Он лишился одеяла, подстилки и ранца. Вестовых перевели в такую же землянку, двадцатью ярдами дальше. Уинтерборну тяжко было проходить мимо разбитой снарядом землянки. Всякий раз вспоминался Дженкинс, его нелепая ребячья улыбка. До армии Дженкинс служил рассыльным, потом – приказчиком в бакалейной лавке, в маленьком провинциальном городишке. Самая заурядная личность. Читал "Джон Булль" и принимал его всерьез, свято верил каждому слову. В остальном же серьезен не бывал, вечно сыпал довольно плоскими остротами, и по-мальчишески ухмылялся во весь рот, и никогда не брюзжал. Уинтерборн жалел о нем.

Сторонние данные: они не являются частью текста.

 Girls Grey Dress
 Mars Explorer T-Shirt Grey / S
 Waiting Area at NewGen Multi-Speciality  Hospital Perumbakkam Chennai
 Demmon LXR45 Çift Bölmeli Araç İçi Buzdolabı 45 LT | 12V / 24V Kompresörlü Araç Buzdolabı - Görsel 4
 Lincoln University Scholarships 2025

В дни, которые Уинтерборн проводил в штабе, он пытался читать – и понял, что это ему не по силам. Ему попался старый номер "Спектейтора" со статьей о Порсоне, с автором он когда-то был знаком. Он даже не вспомнил, кто такой Порсон, пока не дочитал статью до конца, и нередко самые простые выражения ставили его в тупик, точно какого-нибудь землепашца. В отчаянии он швырнул газету и попросил разрешения пойти в кабачок. Вина не продавали, спиртное было под запретом. Он сидел в кабачке, пил дрянное и вполне безобидное французское пиво и вместе с другими томми однотонно тянул душещипательные песенки. У него вошло в привычку совать взятку каптенармусу, чтоб тот давал ему лишнюю порцию рому. Все, что угодно, лишь бы забыться.
Кончались очередные две недели житья при штабе батальона, и он, как обычно, явился к старшине:
– Уинтерборн, вестовой четвертой роты, сэр. Возвращаюсь на передовую.

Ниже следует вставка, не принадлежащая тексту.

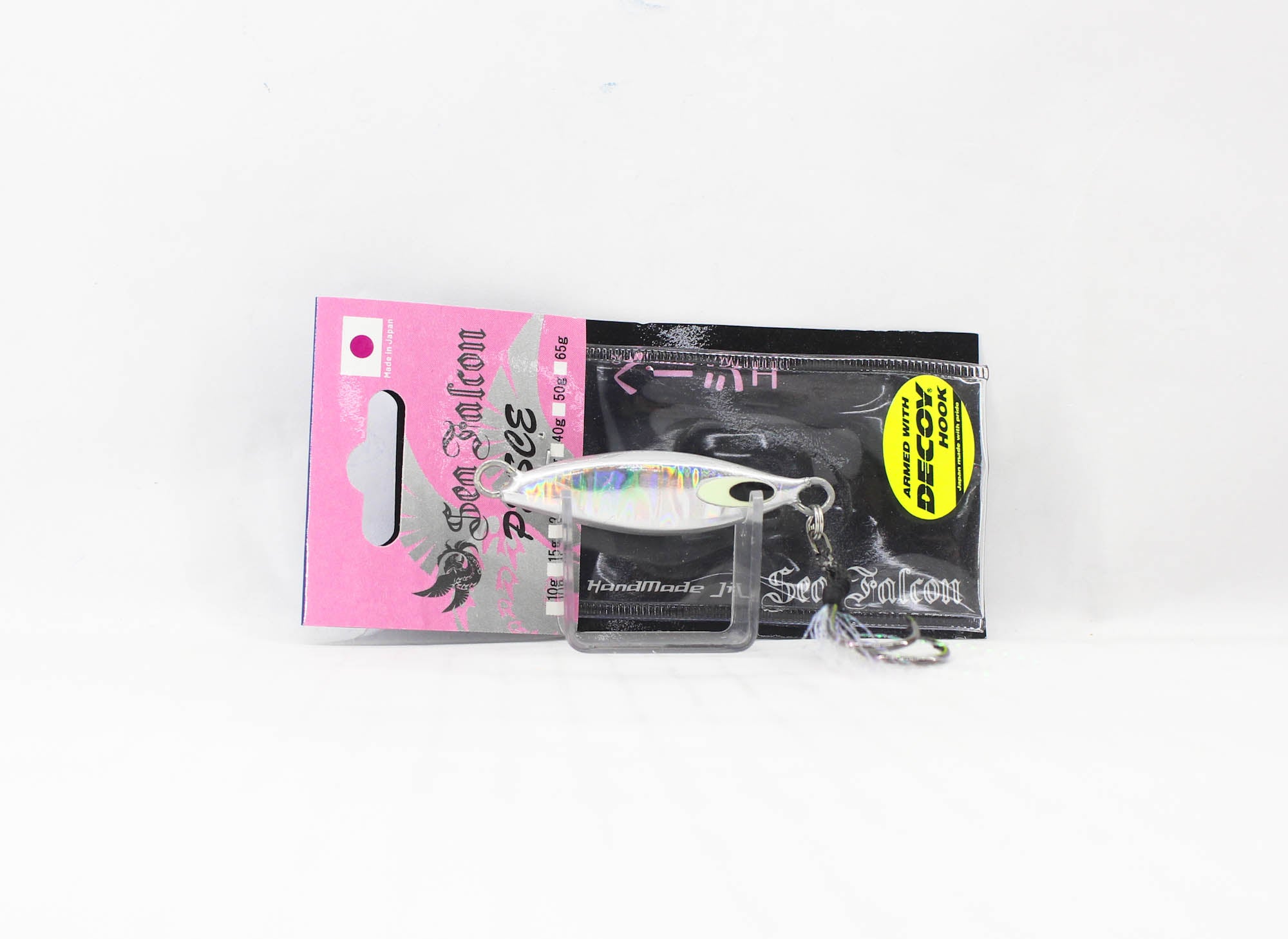 Sea Falcon Metal Jig Pesce 30 grams 04 Silver Zebra (1856)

Старшина, поджав губы, стал перелистывать какие-то бумаги:
– Сейчас посмотрим, сейчас по-смо-трим. Так, так, так. Ага, вот: рядовой Уинтерборн, номер тридцать один восемьсот девятнадцать. Так. В пятницу вы отправляетесь в Англию, в школу младших офицеров. В четверг в четыре часа дня я́витесь в канцелярию за своими бумагами, у каптенармуса полу́чите неприкосновенный запас. В пятницу до восьми утра явитесь на вокзале к коменданту, и вас вычеркнут из списка личного состава. Все ясно?

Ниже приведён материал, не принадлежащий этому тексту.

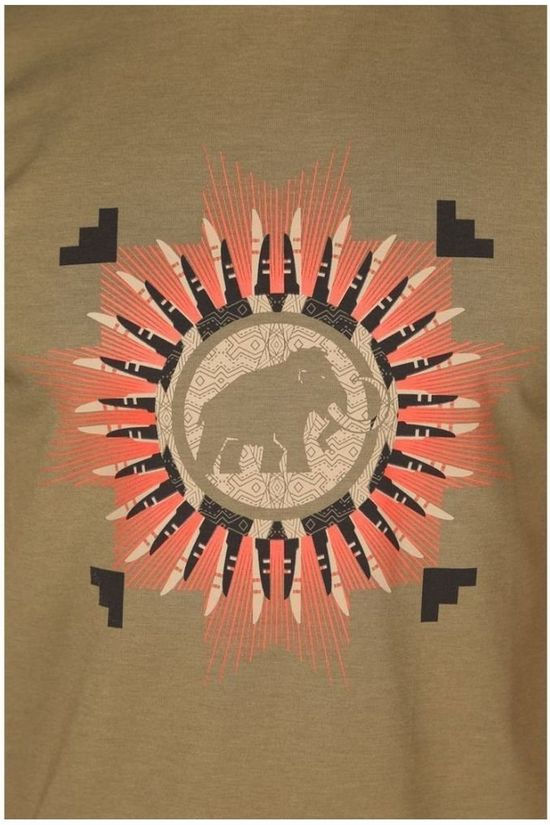 Mammut T-Shirt Trovat mid khaki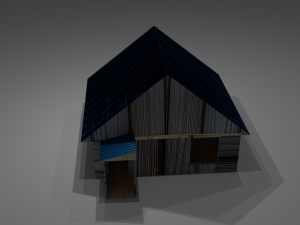 home 3D 模型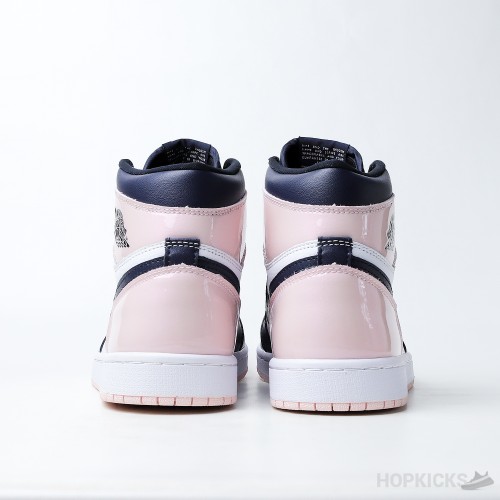Air Jordan 1 Retro High Black Crimson Tint (Premium Plus Batch)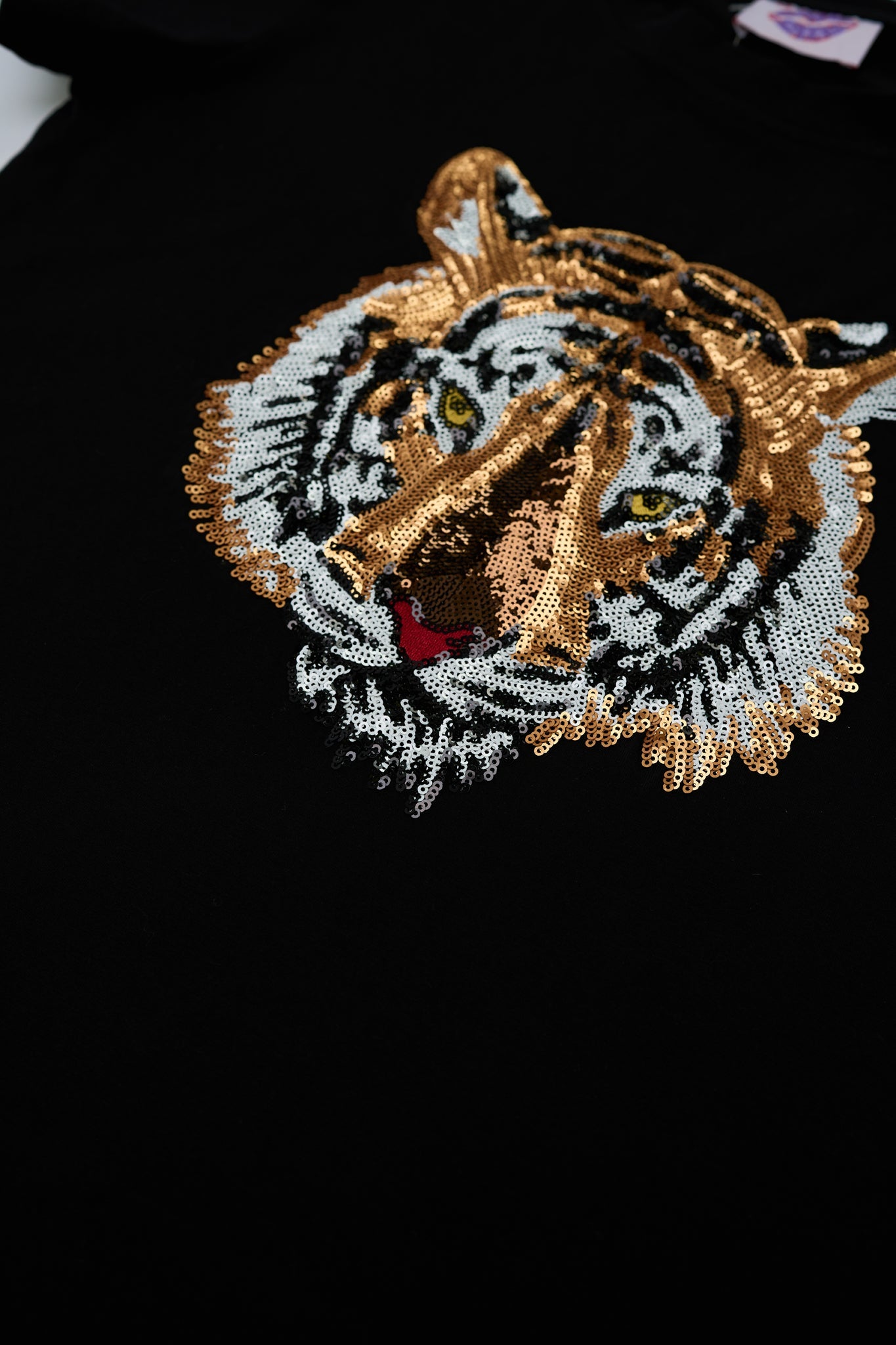Tiger Head Tee - Sparkle City Co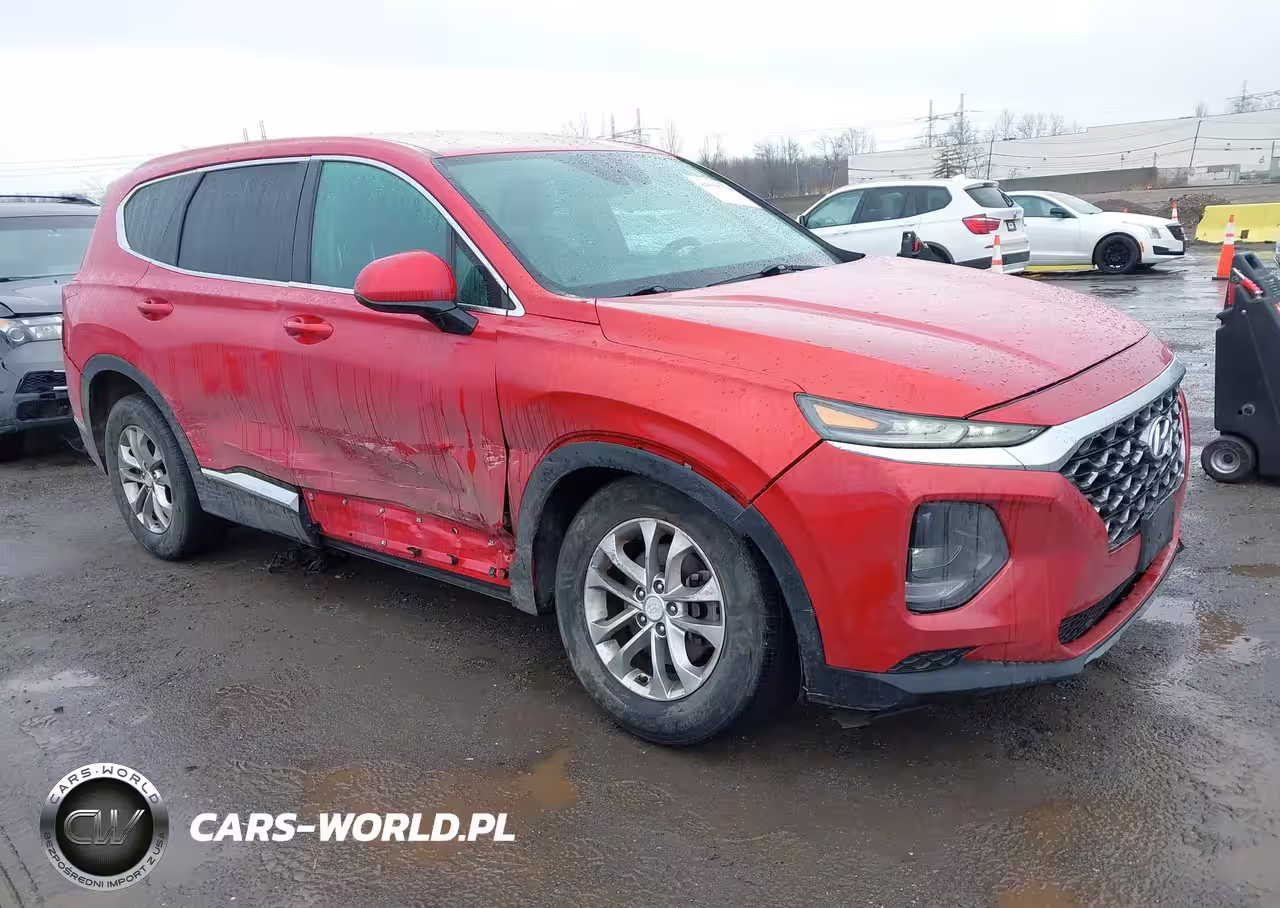 2020 Hyundai Santa Fe Se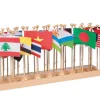 Flaggenständer Asien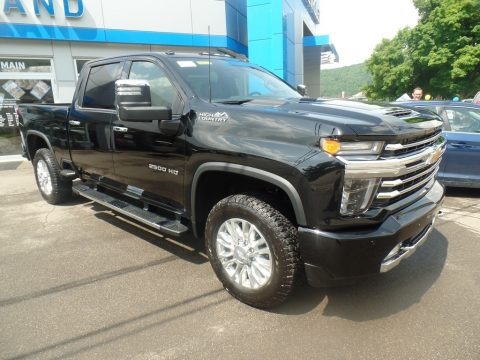 2020 Chevrolet Silverado 2500HD High Country Crew Cab 4x4 Data, Info and Specs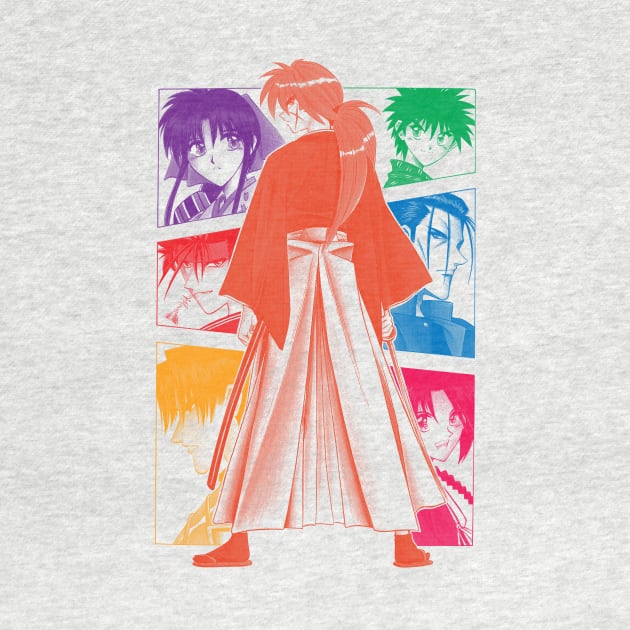 Color Kenshin Light by geekingink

– Да, сэр. Пожалуйста, дайте бумажку для начальства на передовой.
– Незачем. Сегодня среда. Оставайтесь тут, а на ваше место я пошлю другого вестового.
– Слушаю, сэр.
Вестовой, которого назначили на смену Уинтерборну, обрадовался донельзя. Он был молод, неглуп, до войны готовился стать школьным учителем; он так благодарил Уинтерборна, словно именно от него получил в подарок свою новую должность. Пуля уложила его наповал, когда он выбирался из окопа с первым же поручением. Уинтерборну стало казаться, будто он в сговоре с самим дьяволом, потому вместо него и гибнут другие.
На оставшиеся два дня его попросту освободили от службы. Разрешили каждый день ходить в душ, и он отмылся дочиста и избавился от вшей. Выдали ему совсем новое белье – не то что изношенные грязные тряпки, полные дохлых паразитов, какие всегда выдавали после душа; он получил новые обмотки и штаны вместо прежних, грязных и драных, и сдал свою рваную кожаную куртку. У него была парусиновая койка, и он спал по двенадцать часов кряду. И уже не был такой изможденный и затравленный, как в дни высоты 91.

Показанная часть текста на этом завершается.